_Task prompt_
Repeat exactly the lines running from the first line of the data to the line containing "Transparent Checkerboard Hoodie, Photoshop", both ends included, and nothing else; drop the pictures.

_Web page caption snippets_
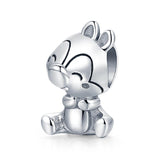 925 Sterling Silver Squirrel Charm For Diy Bracelets & Necklaces - Front View
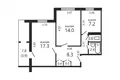2 bedroom apartment 51 m² Minsk, Belarus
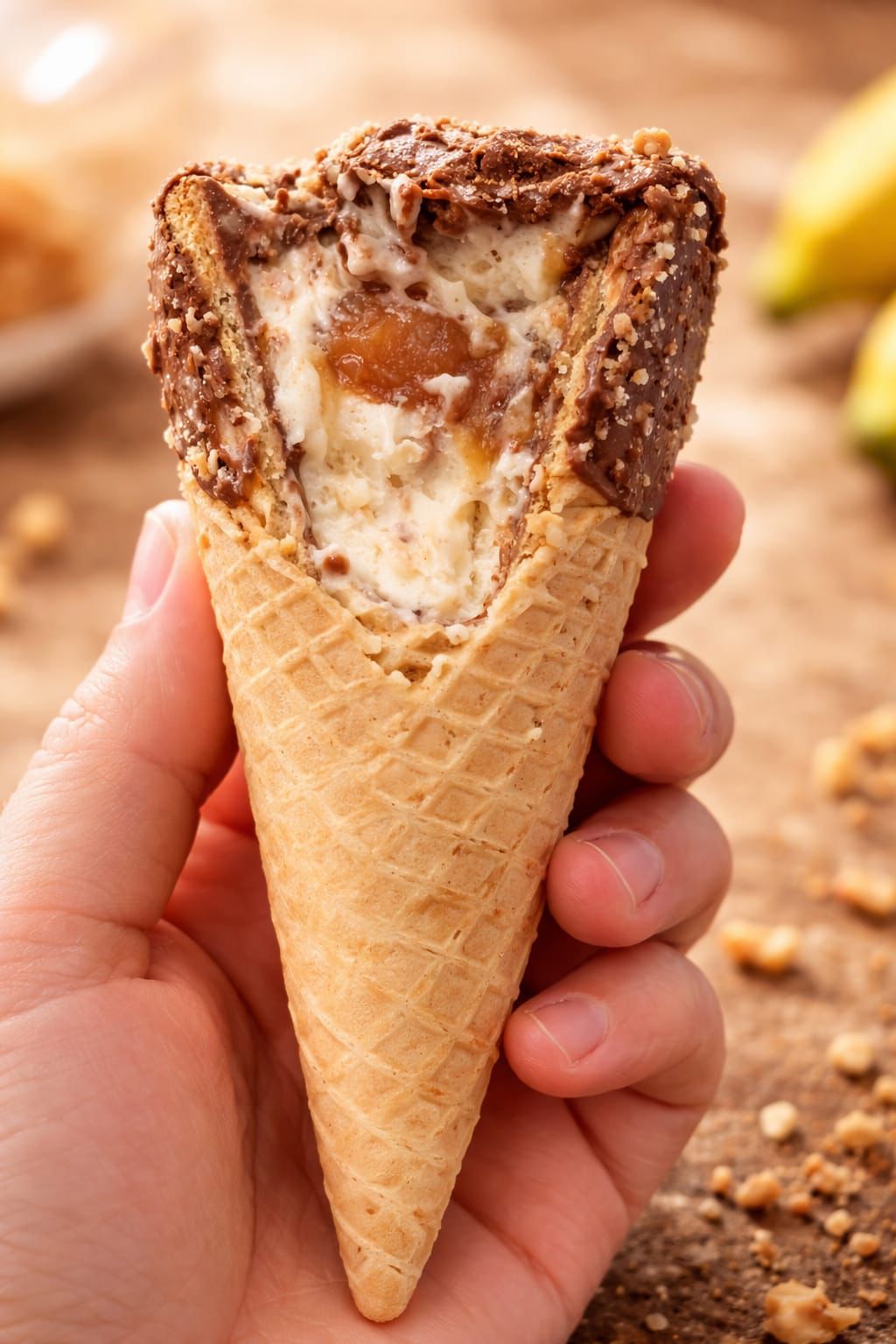 Cone recheado com creme e chocolate na mão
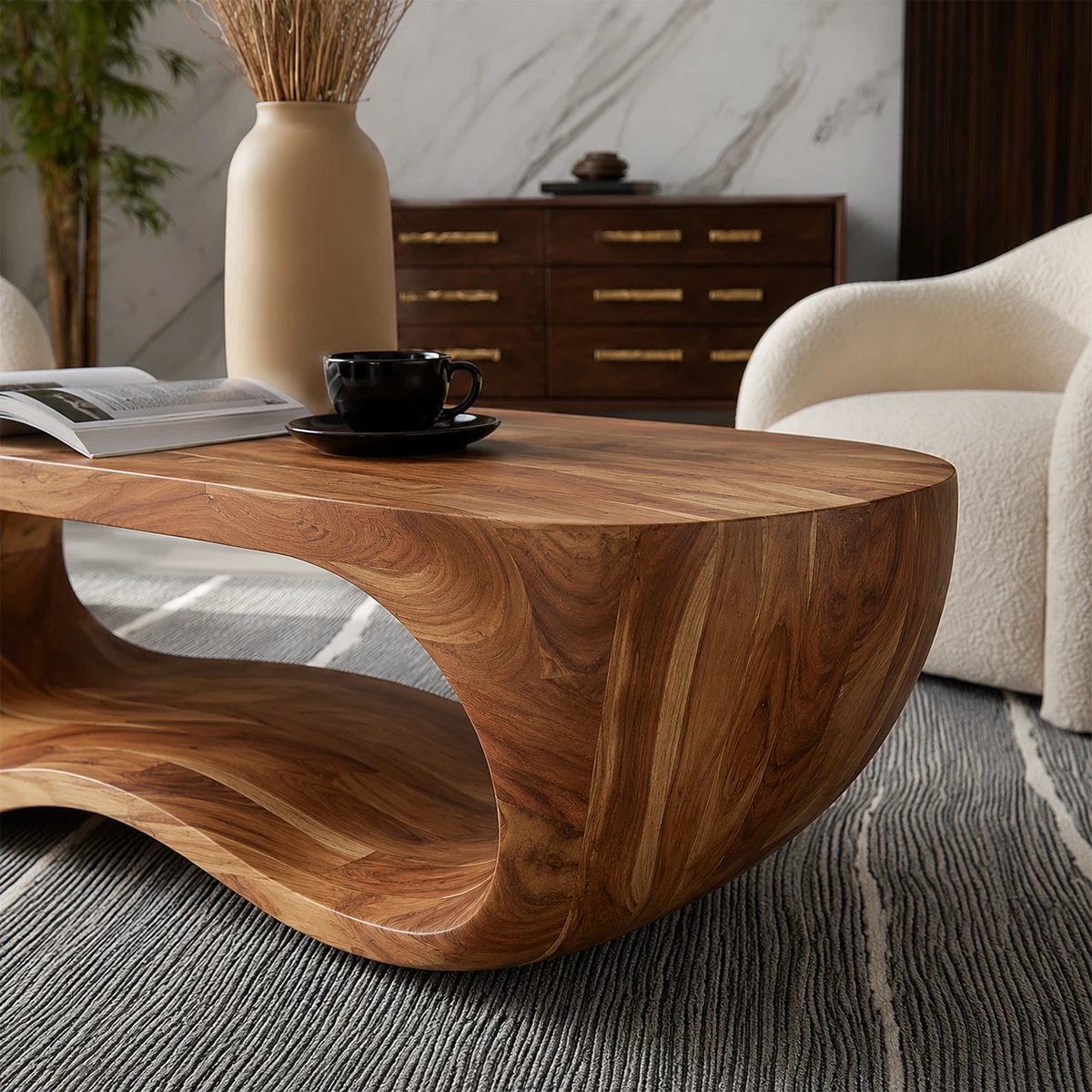 Organic Solid Wood Coffee Table With Sculptural Hollow Base And Rounded Natural Top For Modern Living Room - Livewoodcraft - 6
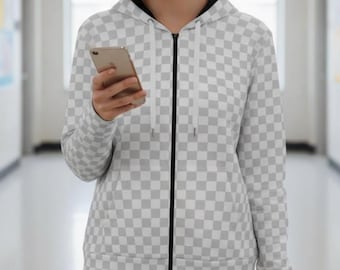 Transparent Checkerboard Hoodie, Photoshop Designer Gift, All-Over Print Zip-Up
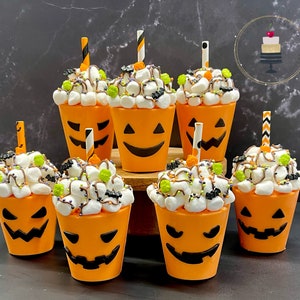 Halloween Pumpkin Hot Cocoa Cup | Jack O Lantern Hot Chocolate Bomb | Trick or Treats | Fun October Ideas | Festive Fall Favors | Autumn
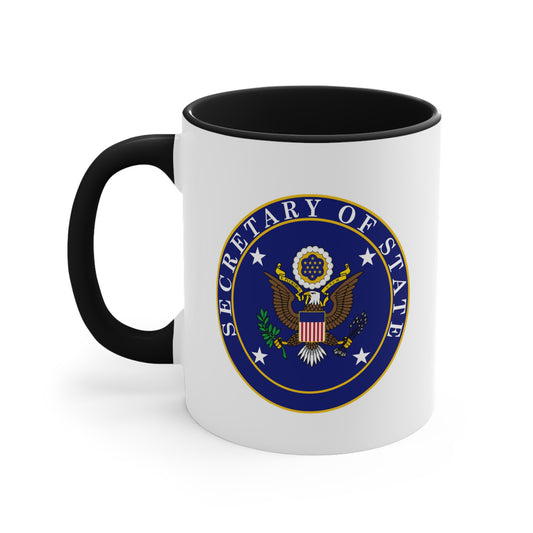 US Secretary of State Coffee Mug - Double Sided Print Two Tone Black Accent White Ceramic 11oz by TheGlassyLass.com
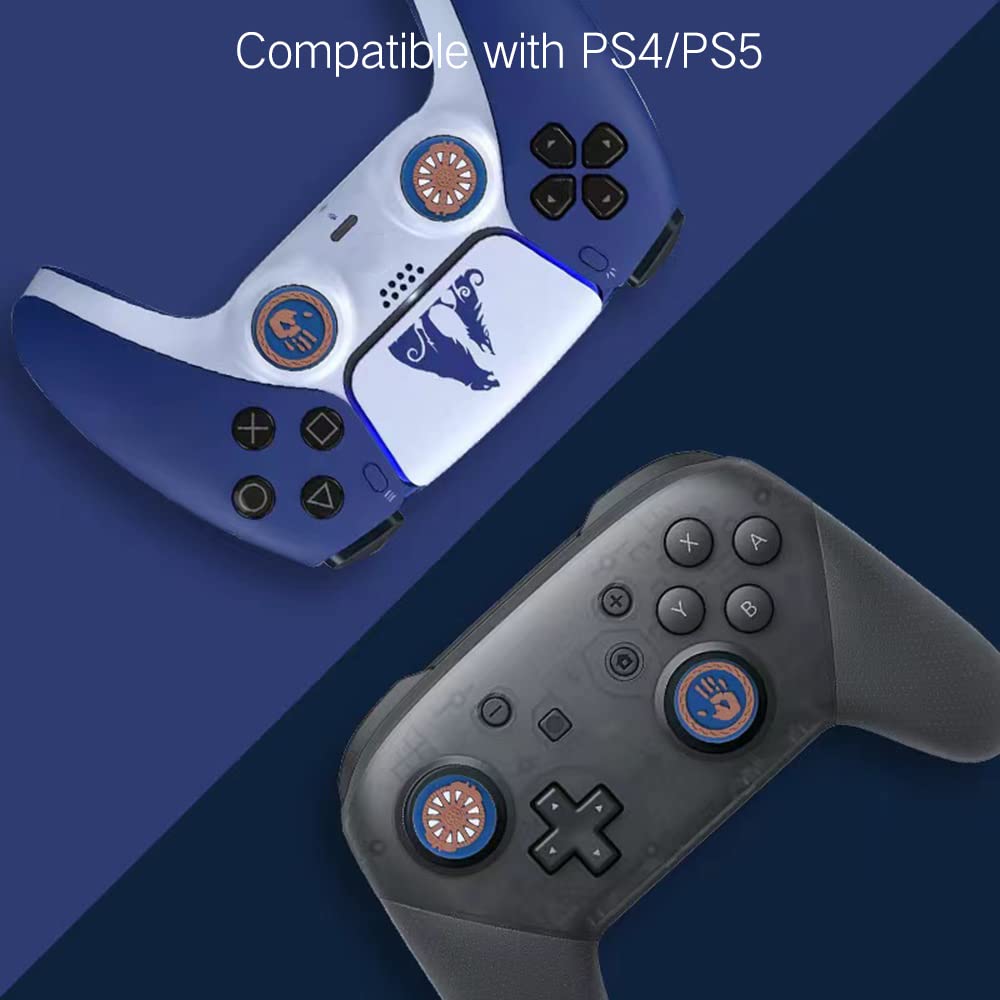 PERFECTSIGHT Cute 3D Soft Rubber Thumb Grip Caps for PS5, PS4, Xbox Series X/S, Xbox One, Switch PRO Controller - 4PCS Kawaii Analog Joystick Covers (Blue) - Improve Gaming Comfort & Grip for Long Play Sessions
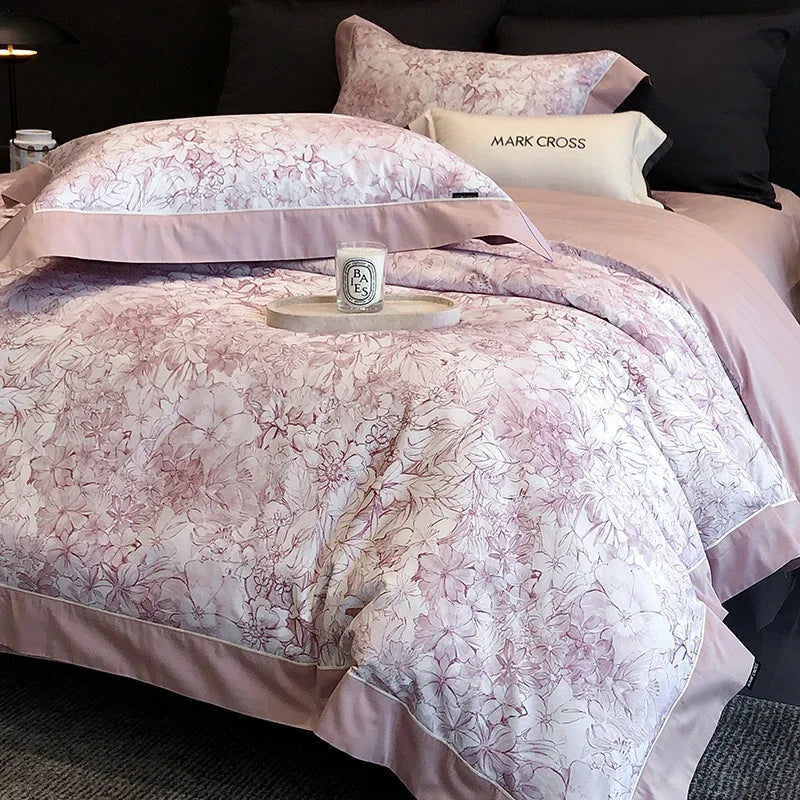 Afralia™ Egyptian Cotton Bedding Sets Queen King Ru Size Bed Linens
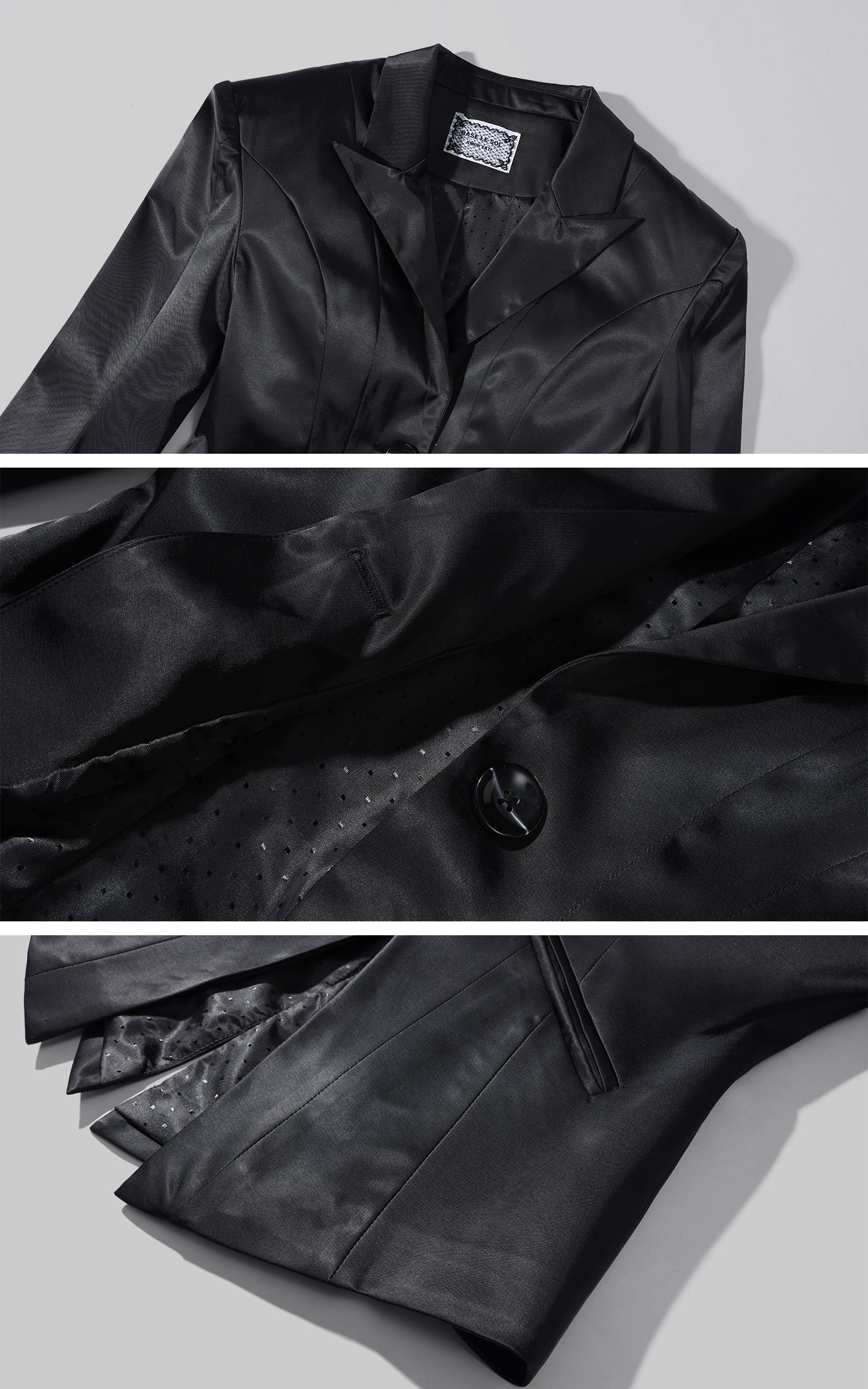 Rase le sol 레이스 트리밍 브라렛이 포함된 맞춤형 블레이저 세트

_Solution for this problem_
 925 Sterling Silver Squirrel Charm For Diy Bracelets & Necklaces - Front View
2 bedroom apartment 51 m² Minsk, Belarus
 Cone recheado com creme e chocolate na mão
 Organic Solid Wood Coffee Table With Sculptural Hollow Base And Rounded Natural Top For Modern Living Room - Livewoodcraft - 6
 Transparent Checkerboard Hoodie, Photoshop Designer Gift, All-Over Print Zip-Up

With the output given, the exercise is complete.